Gina Cabrera decidió que el mundo real era un escenario de televisión, la gran artista cubana ignoró la canícula del verano habanero y comenzó a pasearse vestida como una dama inglesa del siglo diecinueve. Esta mujer madura, hermosa y llamativa se presentaba a toda hora con un disfraz que incluía un largo sobretodo de paño, una enorme pamela, guantes y medias blancas que le cubrían totalmente los brazos y las piernas.
Sudando la gota gorda con aquella facha y arrastrando un carrito de “mandados”, caminaba con elegancia sobreactuada las seis cuadras que separaban su casa del mercado La Copa. Su mejor arma era una sonrisa despampanante con la que saludaba a todos, tanto a los que se burlaban como a los que la compadecían. Había que verla al momento de pagar el litro de leche o los panes de la libreta, estirando uno por uno los dedos de tela para retirarse el guante y luego entregar el dinero al cajero que malamente contenía la risa, ella no se daba por enterada.

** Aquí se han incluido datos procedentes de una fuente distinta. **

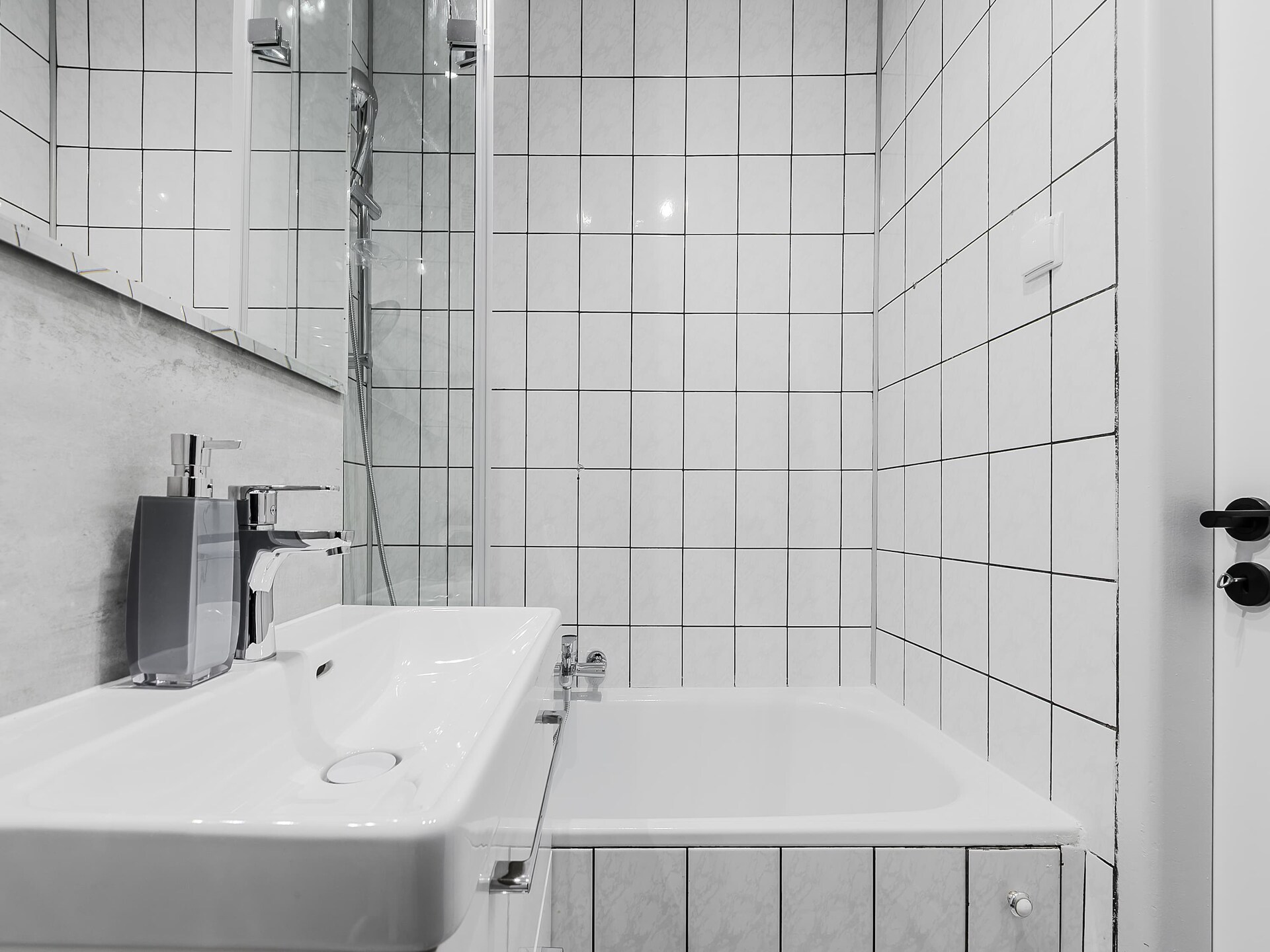 103. Złota 61/27 (4) - foto 19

Aquí en Miami una amiga me comenta que el performance de Gina no era solo en mi barrio, que ataviada con todo aquel trapo se montaba en la guagua y llegaba a los estudios de la antigua CMQ bautizado como ICRT por los interventores. La “dama inglesa” ignoraba que la habían dejado en la gaveta de los olvidados y preguntaba una y otra vez por los protagónicos que le debían haber asignado. Con la misma sonrisa y las manos vacías regresaba a la abarrotada parada de la heladería Coppelia para divertimento de los burlones que la comparaban con D'Artagnan.

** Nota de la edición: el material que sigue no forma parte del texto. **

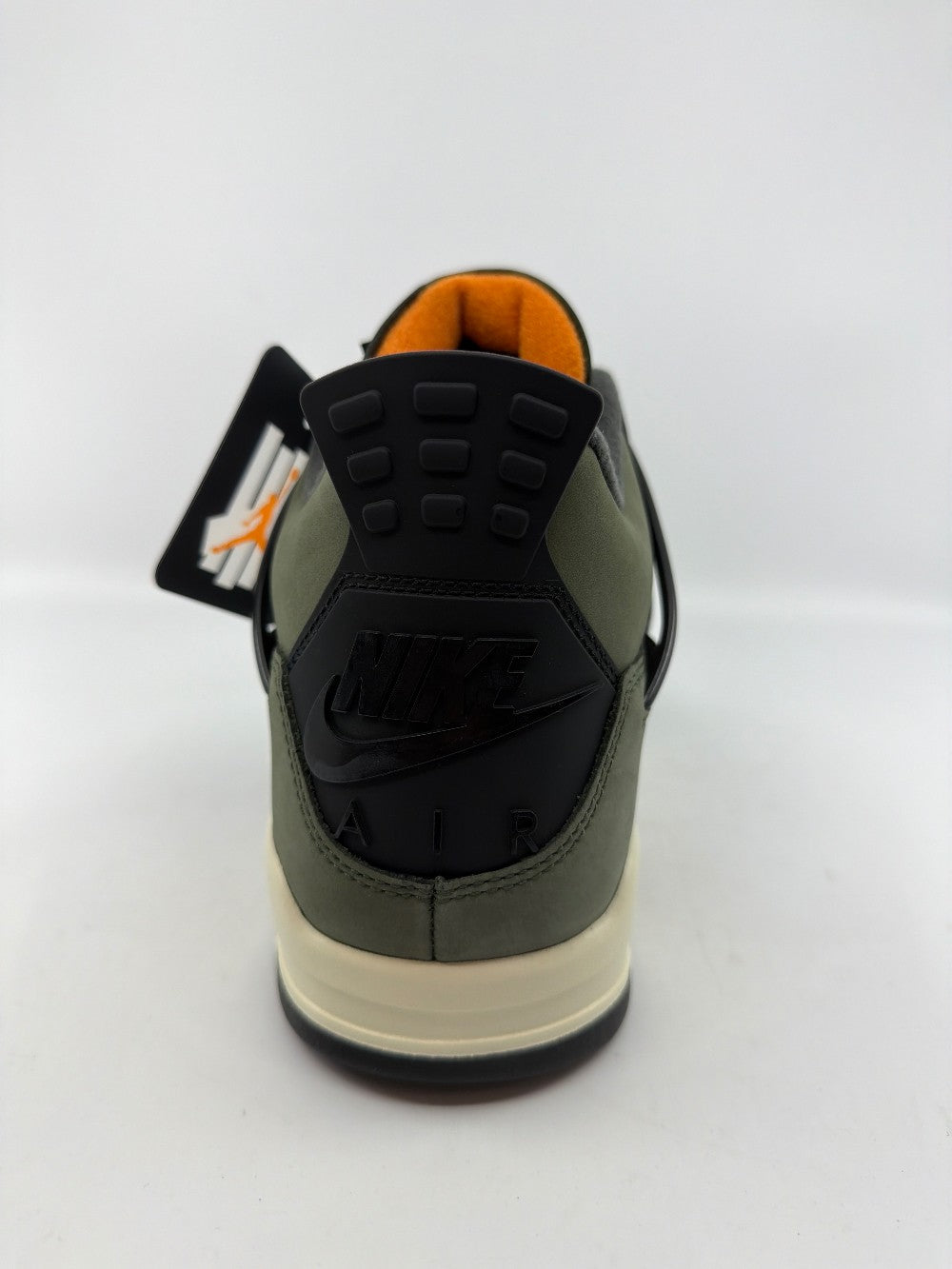 AJ 4 - UNDEFEATED (2025)|39898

Gina se fabricó su refugio para escapar de la decadencia que la cercaba, en su demencia no se sintió asediada ni desesperada como el resto de sus vecinos. La divina demencia era un edificio seguro para quienes se veían obligados a actuar como gladiadores en un circo sin leones.

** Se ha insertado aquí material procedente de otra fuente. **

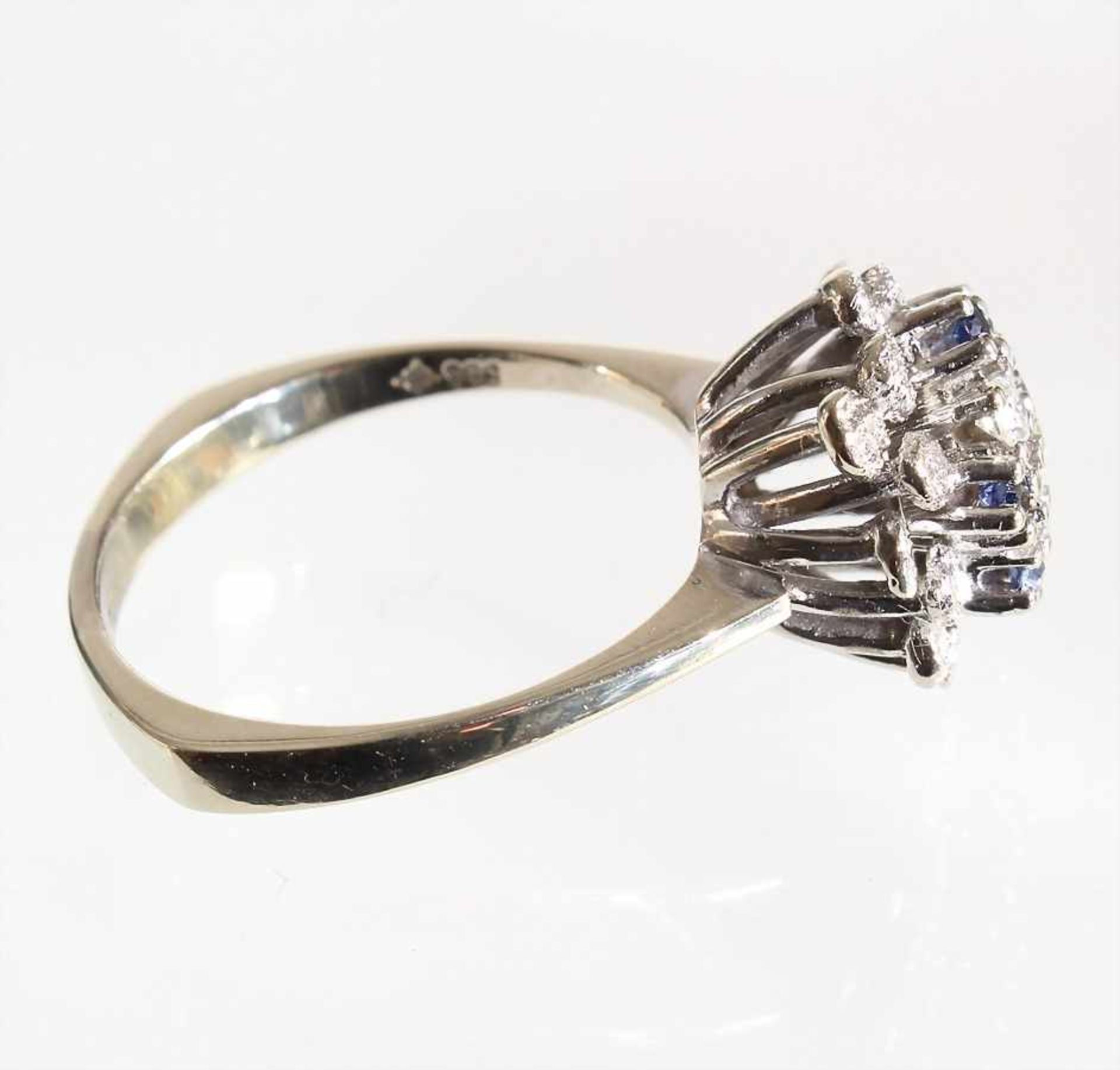 Ring, WG 585/000, 5 Brillanten ca. 0,19 ct tw-vsi/si, 6 Saphire facettiert, RW ca. 58,5 - Bild 2 aus 2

A dos cuadras de Gina vivía Noemí Suarez Rivas, la única que quedó de aquella familia de alto arraigo republicano que escapó al exilio tan pronto llegó Fidel a La Habana.
La locura de Noemí era diferente, esta abuela se convirtió en la miliciana acosadora de los muchachos que jugaban en la calle o los novios que se besaban en el parque. Temprano en la mañana salía de la casona que heredó del antiguo ministro batistiano para convertirse en el hazmerreír del barrio, persiguiendo a quienes le gritaban desde loca hasta hija de puta.
Cuando Noemí se cruzaba con Gina se detenía a contarle los pormenores de sus acciones revolucionarias. Gina con toda la calma del mundo y la sonrisa a prueba de balas le escuchaba las historias absurdas de supuestos agentes de la CIA que robaban mangos de un patio vecino o de la increíble provocación de la vieja Gómez Mena que le volteaba la cara cuando coincidían en la acera.
Eran dos mundos paralelos que chocaban por un momento, sin hacerse daño, tolerándose en sus fantasías, incompatibles pero inofensivas. Luego cada cual retomaba su paso, Gina el andar elegante, Noemi su ridícula marcialidad.
Se lo cuento a Naday en el exilio, argumentándole que la locura puede ser el último recurso para sobrevivir a los apagones y la desgracia de la isla. Naday me desmiente, dice que ahora Gina y Noemi no son espectadoras sino las que mandan, porque el Diaz Canel en uniforme militar de las últimas horas es la Noemí de mis memorias y que los ministros del régimen viven en el reparto privado de Gina.
Me entristezco y le rebato, “mis locas” como ella dice, eran limpias y en lo que cabe elegantes. Además, no hay locura en el consejo de estado cubano, sino una mezcla de incapacidad, maldad y oportunismo.
Naday sigue riéndose, se está imaginando a Diaz Canel con la pamela y los guantes de Gina, “al menos así se vería más lógico y no patrullando la avenida como Noemí”.
Luego enumera los locos de su época: uno que se creía la guagua, otro que juraba ser un metafísico y hasta una que defendía un supuesto título nobiliario.
“Y nosotros”, me dice, “fuimos unos locos abusados que se creían personas con derechos”, Naday se viste de filósofa para sentenciar: “a lo mejor los cuerdos eran Gina y Noemí, o al menos los únicos felices en esta historia”.